山崎家の場合、任意後見契約と
財産管理等委任契約の組み合わせ

 何をどうしたらいいのかを具体的な事例で説明しよう。北海道札幌市にある筆者の実家で、5年ほど前に行ったあれこれをご説明する。

 約6年前、筆者の父が90歳を目前に他界した時、父が主に母(当時81歳)のために遺した金融資産がいくばくかあった。相続人は、母の他に、筆者と筆者の妹(筆者の11歳下である)がいたが、子ども2人は相続を放棄し、母が全額を相続した。この手続きは簡単だった。

 当時元気で長命が予想され、消費意欲の旺盛な母だったが、彼女の生活費が足りなくなることはなさそうで、子どもたちには大した金額が残りそうにない絶妙な加減の遺産だった。

 母の銀行口座にもある程度の残高があり、その他に証券会社で個人向け国債(変動金利型10年満期)を少々持っていた。そこに、父の銀行預金と証券口座の有価証券が加わった。

 必要な作業は、将来母の心身が衰える可能性に対処する契約を作ることと、母の下に集約された金融資産の状態を整理することだった。当時の母は、まだゴルフを続けているくらい大いに元気だったのだが、あれこれの手続きは、このタイミングが良かったとつくづく思う。

 妹と母は、二つの契約を結んだ。一つは、金融機関との取引を母が妹に委任する「財産管理等委任契約」、もう一つは、将来必要な状態になった場合に妹が母の後見人になる「任意後見契約」だ。これらを合体した契約書を、妹が母と共に札幌の公証役場に行って締結してきた。

 契約書のドラフトは、ネット上にあるサンプルを検索するなどして、筆者と妹とで作り、ほぼその文面で締結した。

任意後見契約のために必要なのは
「合計4万円」

 ただし、1回目の際には、公証人さんが「任意後見契約」の部分を無視して、「財産管理等委任契約」だけだと即断したのでうまくいかなかった。妹には、もう一度公証役場に行ってもらった。公証人さんがこの種の契約に慣れているかどうかが影響する場合があるのかもしれない。

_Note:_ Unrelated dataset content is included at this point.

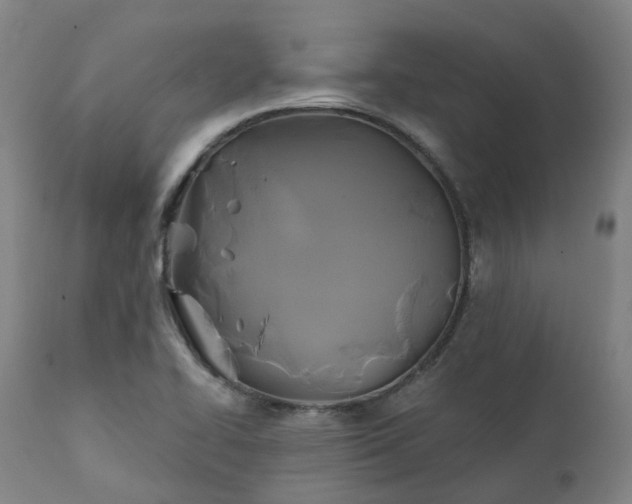X0000111241414200907091348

 費用は数万円としか記憶がないが、宮内氏の前掲書には、任意後見契約のために掛かるのは合計4万円だとある。公証人に払う費用と、契約内容を法務局に登記する費用の二つの合計額だ。

 後見を引き受ける人を追加する場合は、1人当たり1万1000円増えるという。山崎家の場合は、筆者よりも妹が大幅に若く、女性の方が寿命が長い傾向もある。そのため、母の金融取引の代理人と、必要が生じた場合の後見人は妹にすることとした。